INFORMATION PROVIDED:
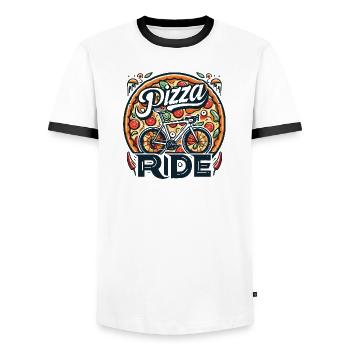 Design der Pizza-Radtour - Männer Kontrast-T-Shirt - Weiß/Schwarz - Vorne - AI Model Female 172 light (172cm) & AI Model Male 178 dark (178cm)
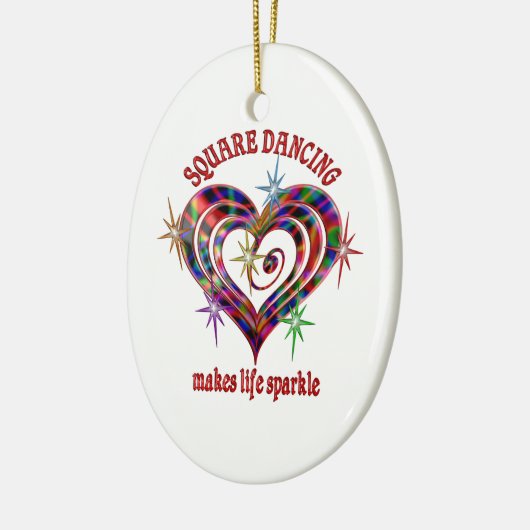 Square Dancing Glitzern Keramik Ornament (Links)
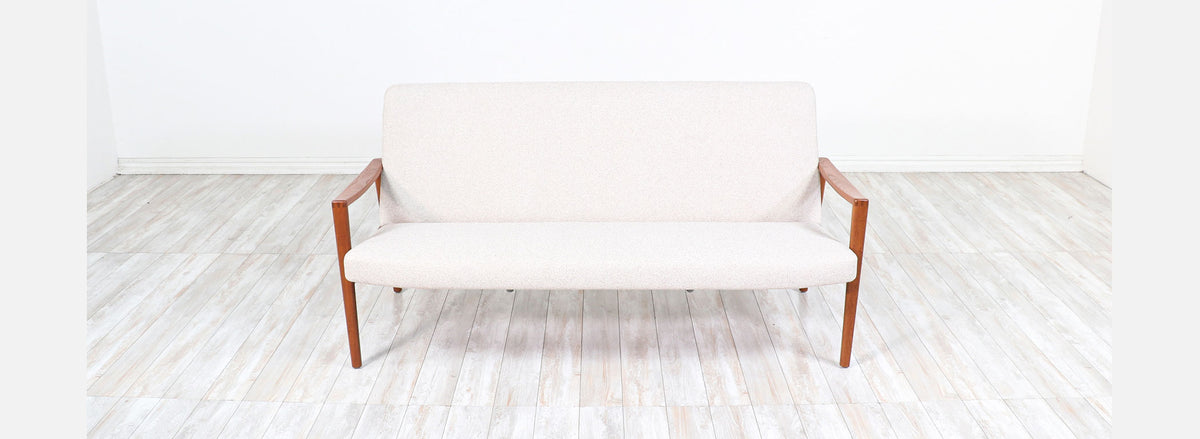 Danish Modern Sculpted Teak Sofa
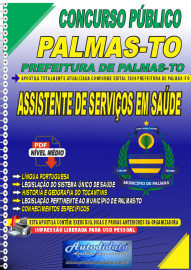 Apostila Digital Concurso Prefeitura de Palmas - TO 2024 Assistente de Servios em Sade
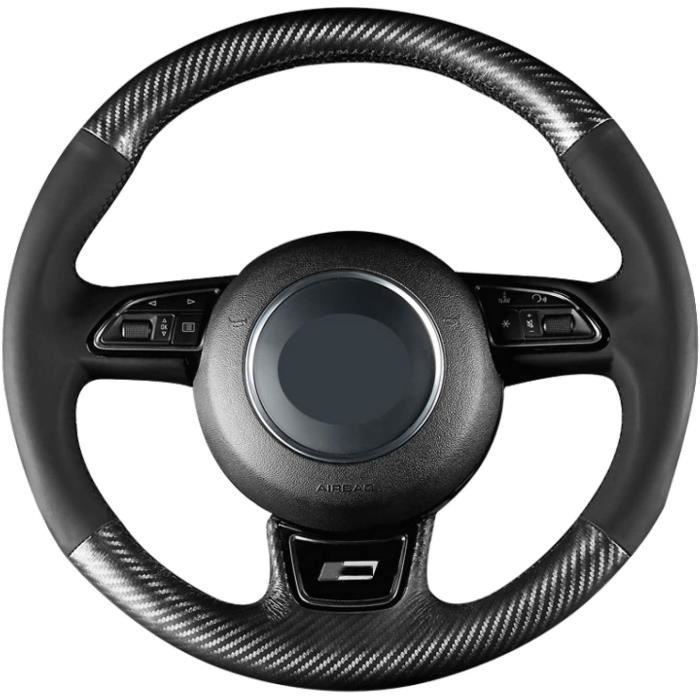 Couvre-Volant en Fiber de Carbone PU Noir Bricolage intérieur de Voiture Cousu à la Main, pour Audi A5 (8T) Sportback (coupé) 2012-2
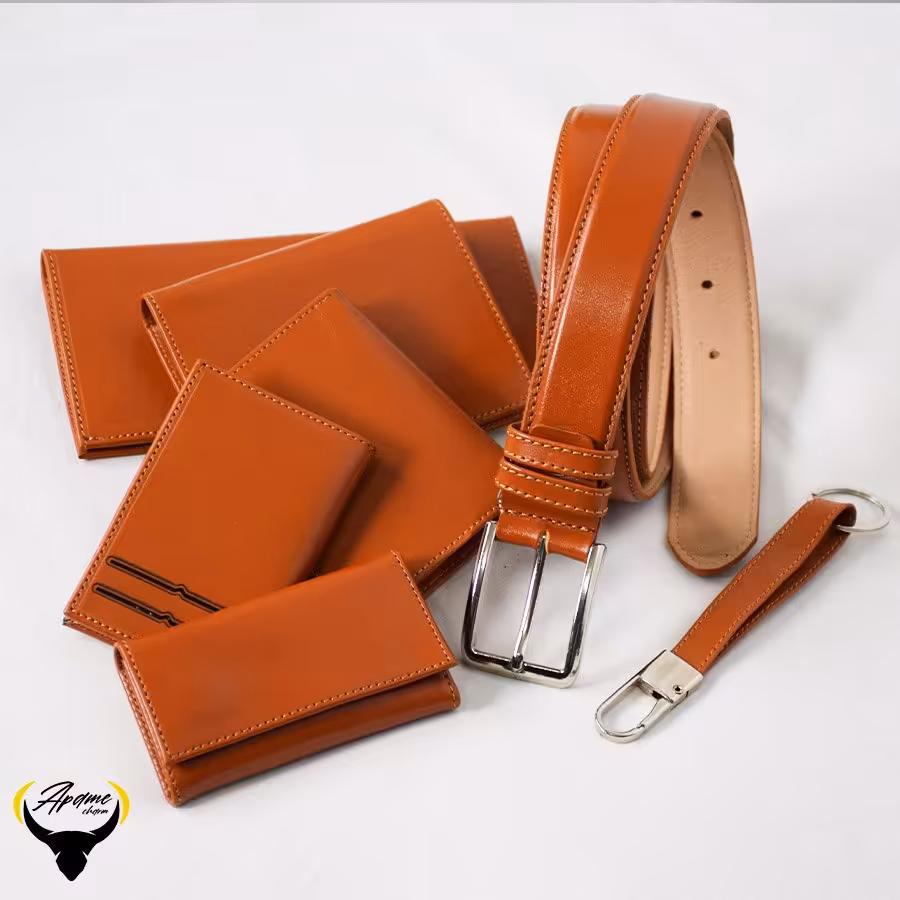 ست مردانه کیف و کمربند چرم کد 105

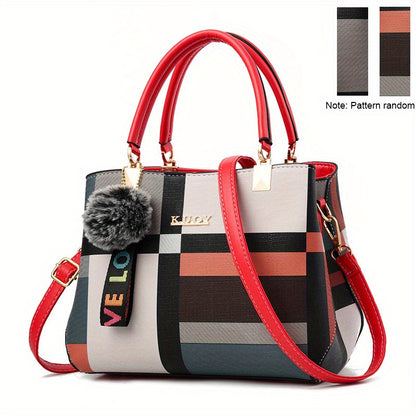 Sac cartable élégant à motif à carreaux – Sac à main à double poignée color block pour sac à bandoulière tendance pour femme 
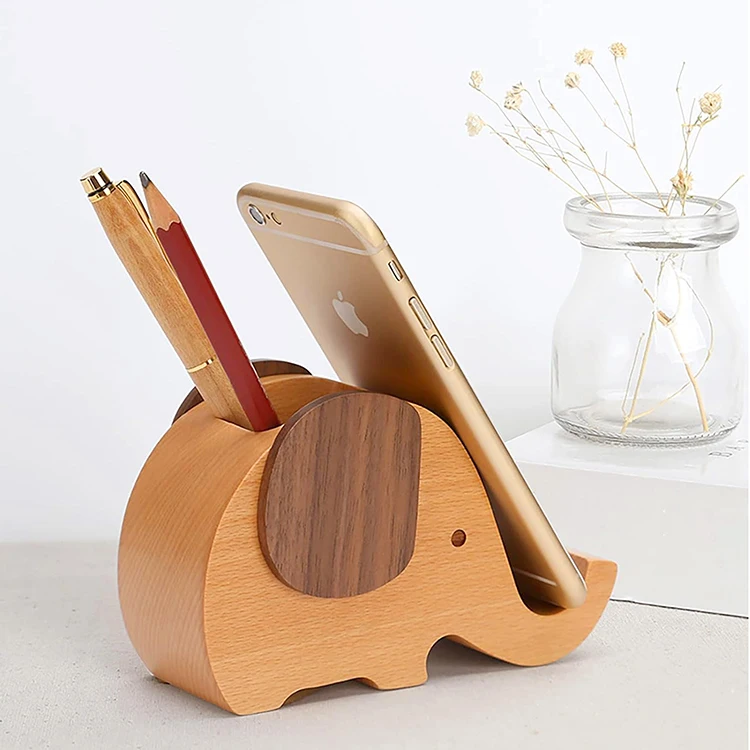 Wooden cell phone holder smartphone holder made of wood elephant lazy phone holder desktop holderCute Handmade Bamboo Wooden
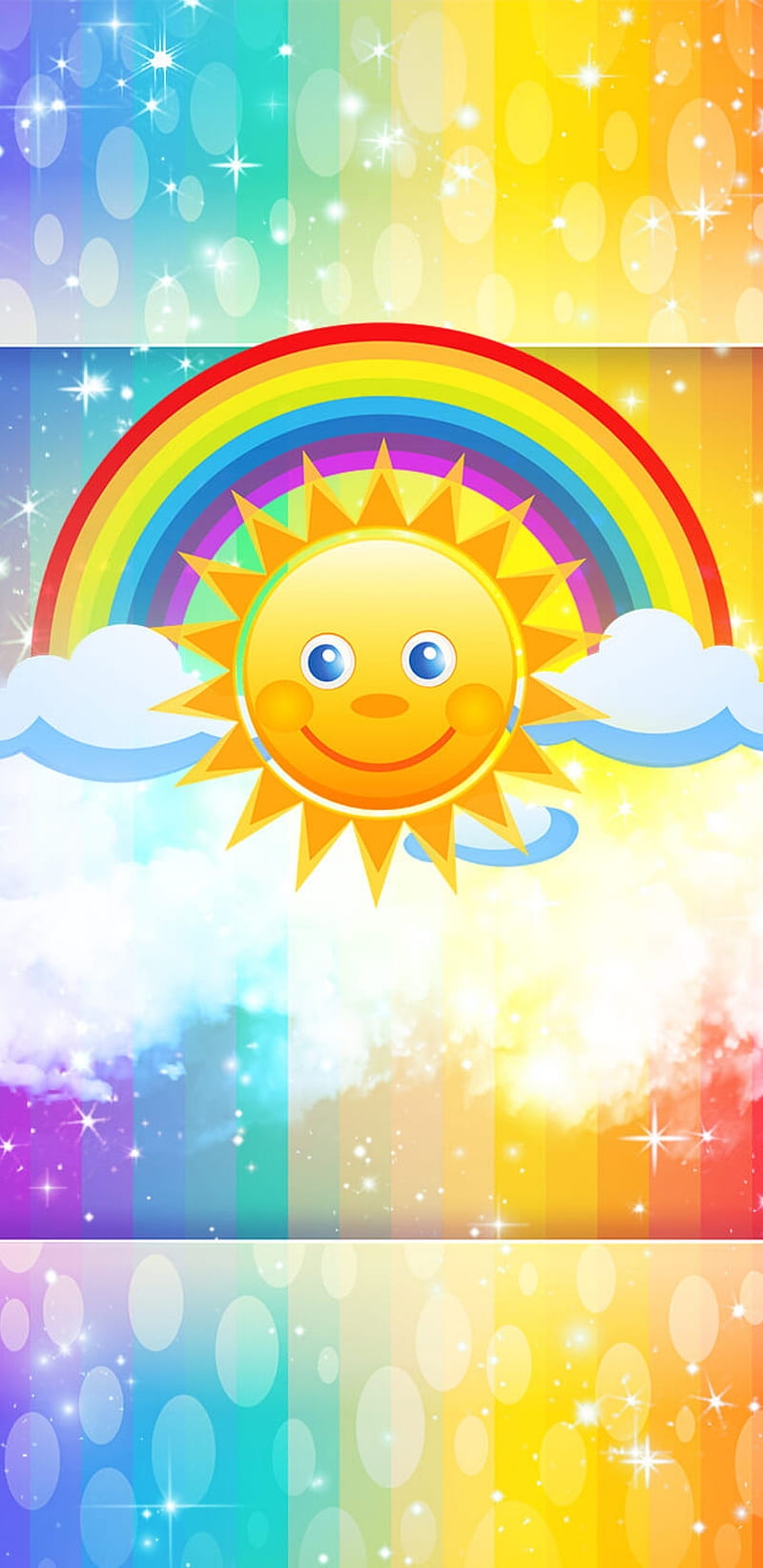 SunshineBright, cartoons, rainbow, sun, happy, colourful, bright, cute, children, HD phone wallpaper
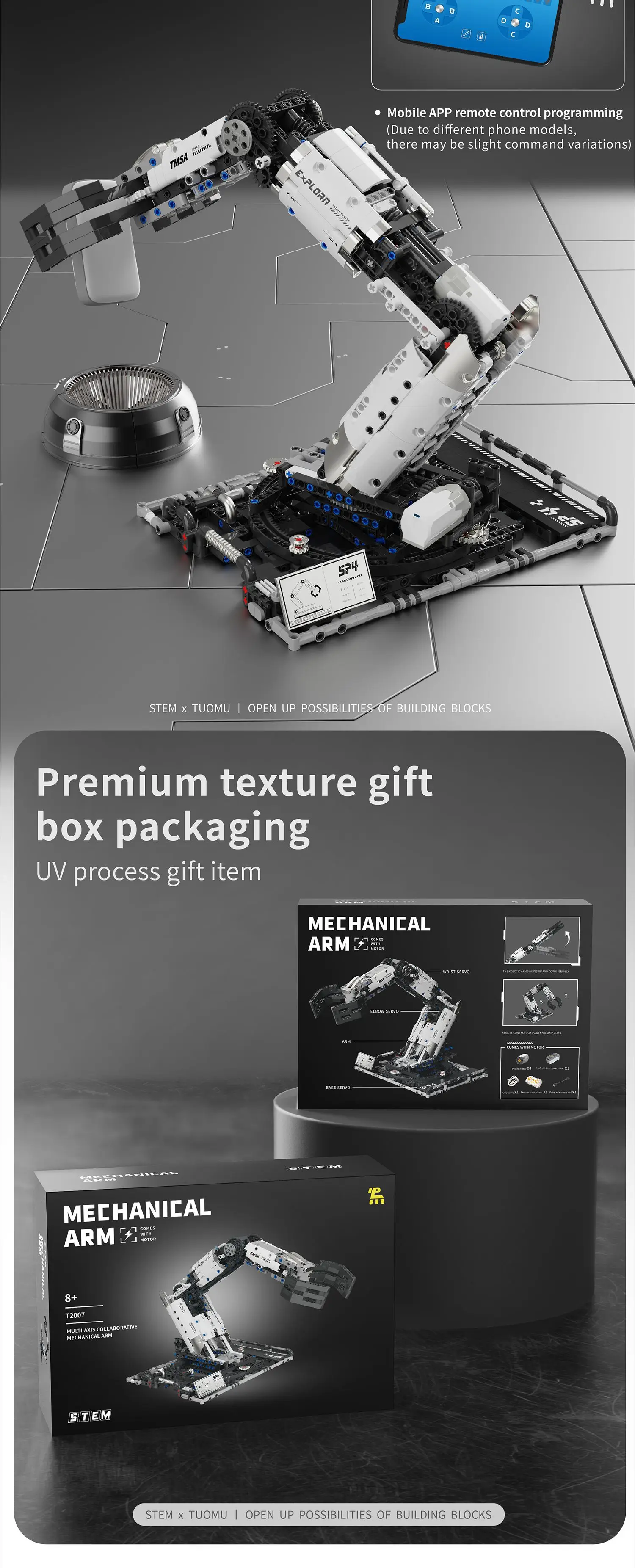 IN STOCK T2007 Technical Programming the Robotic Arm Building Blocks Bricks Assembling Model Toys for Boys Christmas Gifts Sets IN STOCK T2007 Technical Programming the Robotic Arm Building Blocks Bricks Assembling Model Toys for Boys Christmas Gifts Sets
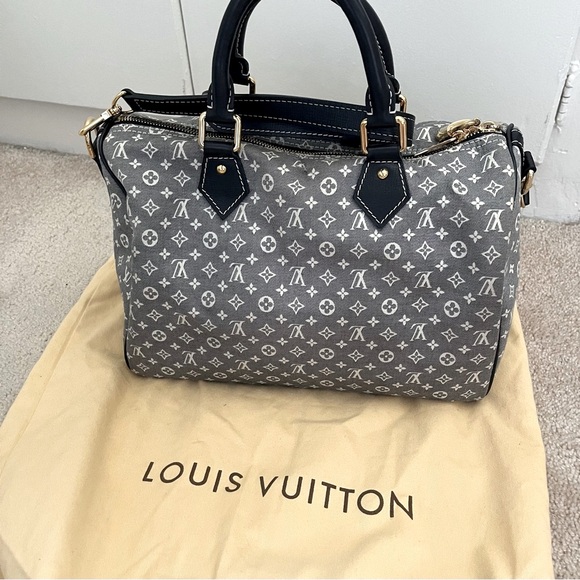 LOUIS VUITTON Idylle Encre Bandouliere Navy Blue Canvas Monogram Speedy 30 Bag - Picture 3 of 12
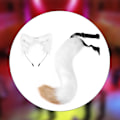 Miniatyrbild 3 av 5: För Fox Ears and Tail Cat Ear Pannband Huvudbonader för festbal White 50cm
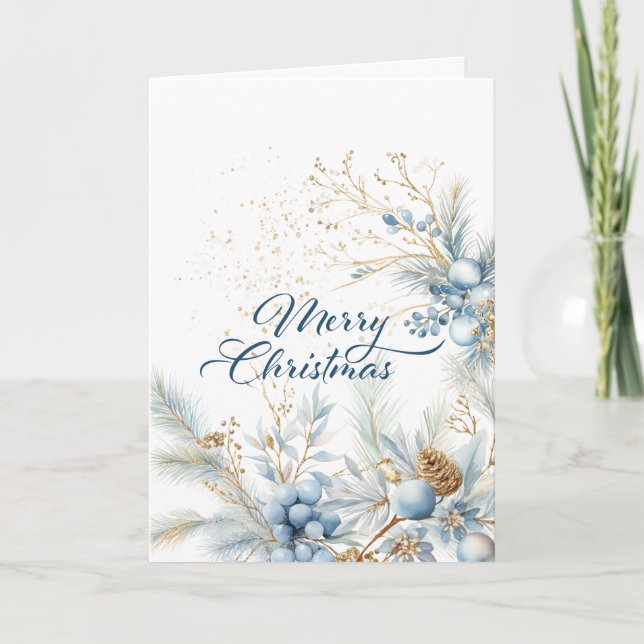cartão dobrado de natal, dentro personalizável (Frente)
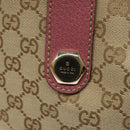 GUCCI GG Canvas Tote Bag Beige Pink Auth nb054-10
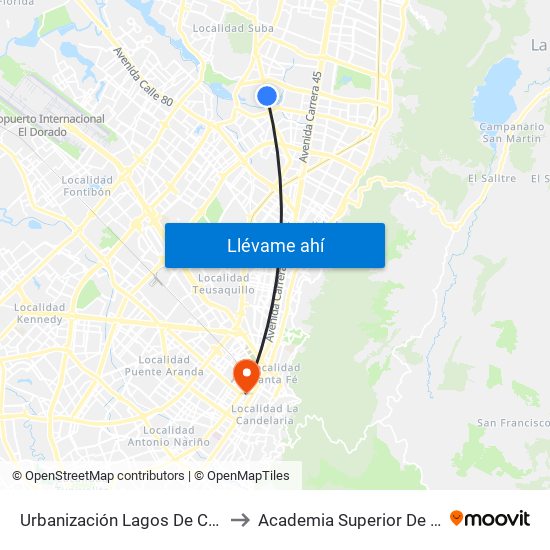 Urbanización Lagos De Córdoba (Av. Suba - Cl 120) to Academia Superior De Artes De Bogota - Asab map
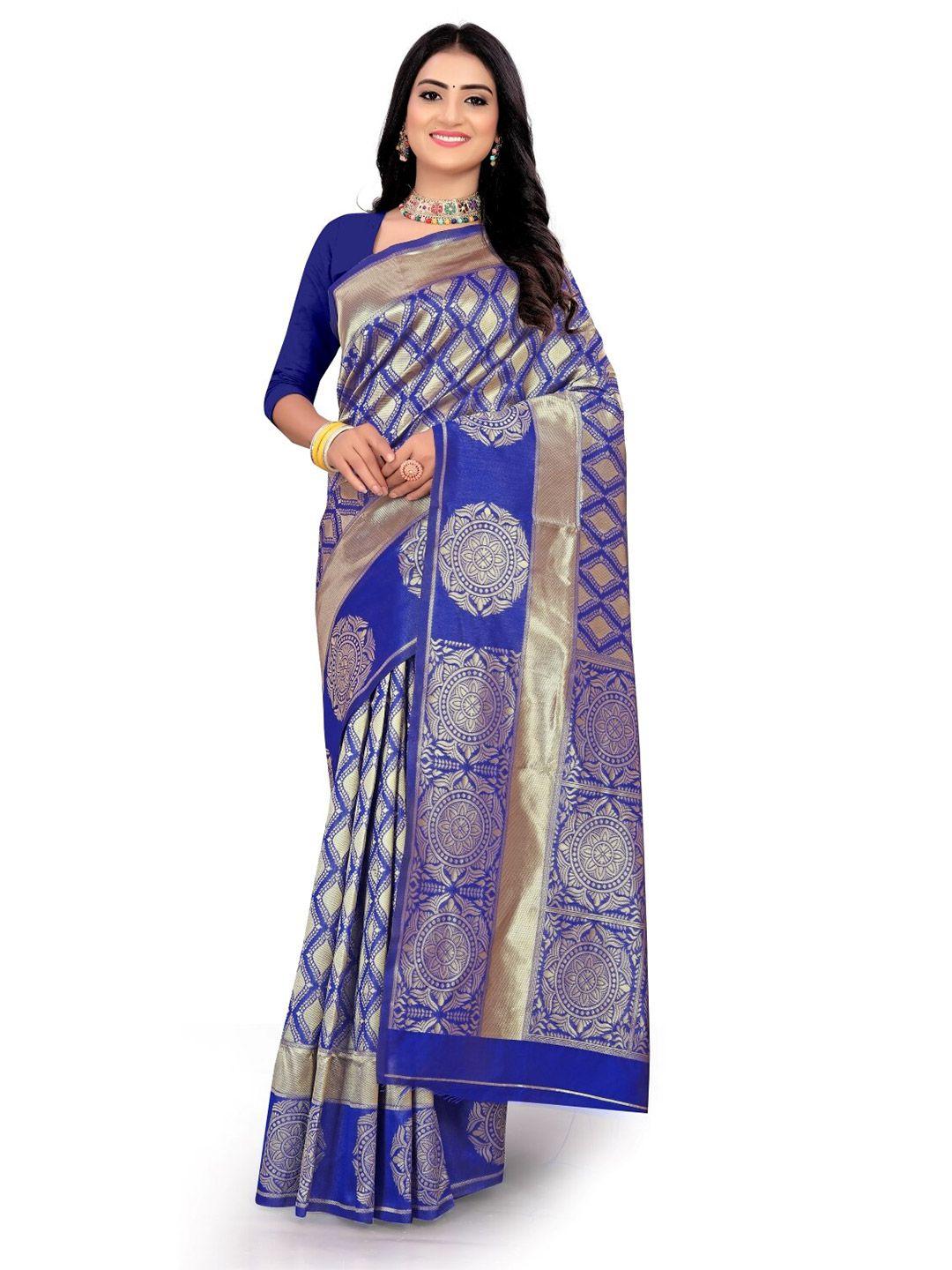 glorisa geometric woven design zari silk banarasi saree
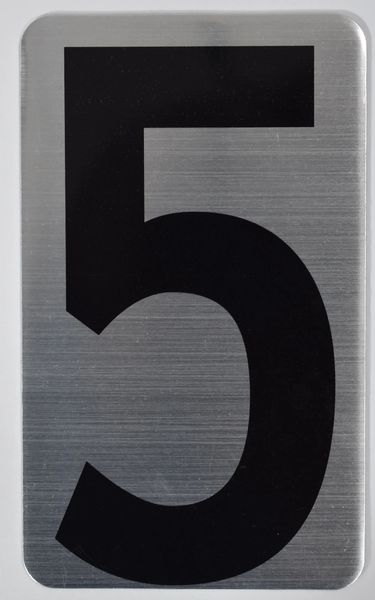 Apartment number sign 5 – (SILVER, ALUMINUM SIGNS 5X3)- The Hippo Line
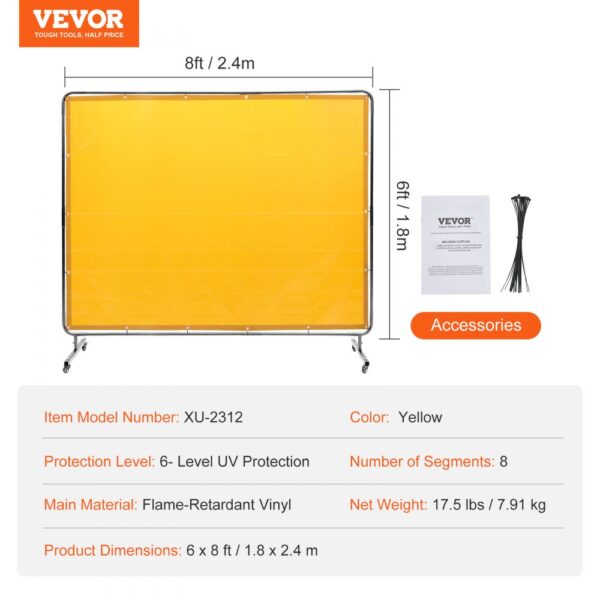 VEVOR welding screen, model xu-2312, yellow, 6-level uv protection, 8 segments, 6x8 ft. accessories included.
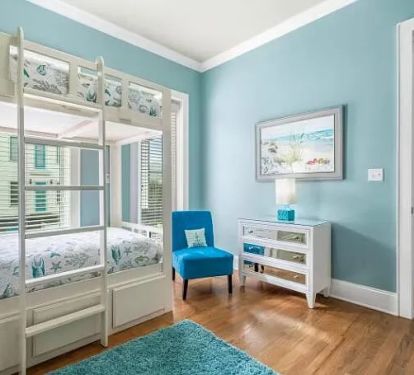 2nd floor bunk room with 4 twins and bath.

EXERCISE BRIEF: What you give back must match the material word for word, with no images included.

TASK SOLUTION:
 Design der Pizza-Radtour - Männer Kontrast-T-Shirt - Weiß/Schwarz - Vorne - AI Model Female 172 light (172cm) & AI Model Male 178 dark (178cm)
 Square Dancing Glitzern Keramik Ornament (Links)
 Danish Modern Sculpted Teak Sofa
 Apostila Digital Concurso Prefeitura de Palmas - TO 2024 Assistente de Servios em Sade
 Couvre-Volant en Fiber de Carbone PU Noir Bricolage intérieur de Voiture Cousu à la Main, pour Audi A5 (8T) Sportback (coupé) 2012-2
 ست مردانه کیف و کمربند چرم کد 105

 Sac cartable élégant à motif à carreaux – Sac à main à double poignée color block pour sac à bandoulière tendance pour femme 
 Wooden cell phone holder smartphone holder made of wood elephant lazy phone holder desktop holderCute Handmade Bamboo Wooden
 SunshineBright, cartoons, rainbow, sun, happy, colourful, bright, cute, children, HD phone wallpaper
 IN STOCK T2007 Technical Programming the Robotic Arm Building Blocks Bricks Assembling Model Toys for Boys Christmas Gifts Sets IN STOCK T2007 Technical Programming the Robotic Arm Building Blocks Bricks Assembling Model Toys for Boys Christmas Gifts Sets
 LOUIS VUITTON Idylle Encre Bandouliere Navy Blue Canvas Monogram Speedy 30 Bag - Picture 3 of 12
 Miniatyrbild 3 av 5: För Fox Ears and Tail Cat Ear Pannband Huvudbonader för festbal White 50cm
cartão dobrado de natal, dentro personalizável (Frente)
 GUCCI GG Canvas Tote Bag Beige Pink Auth nb054-10
 Urbanización Lagos De Córdoba (Av. Suba - Cl 120) to Academia Superior De Artes De Bogota - Asab map
 glorisa geometric woven design zari silk banarasi saree
 Apartment number sign 5 – (SILVER, ALUMINUM SIGNS 5X3)- The Hippo Line
 VEVOR welding screen, model xu-2312, yellow, 6-level uv protection, 8 segments, 6x8 ft. accessories included.
 2nd floor bunk room with 4 twins and bath.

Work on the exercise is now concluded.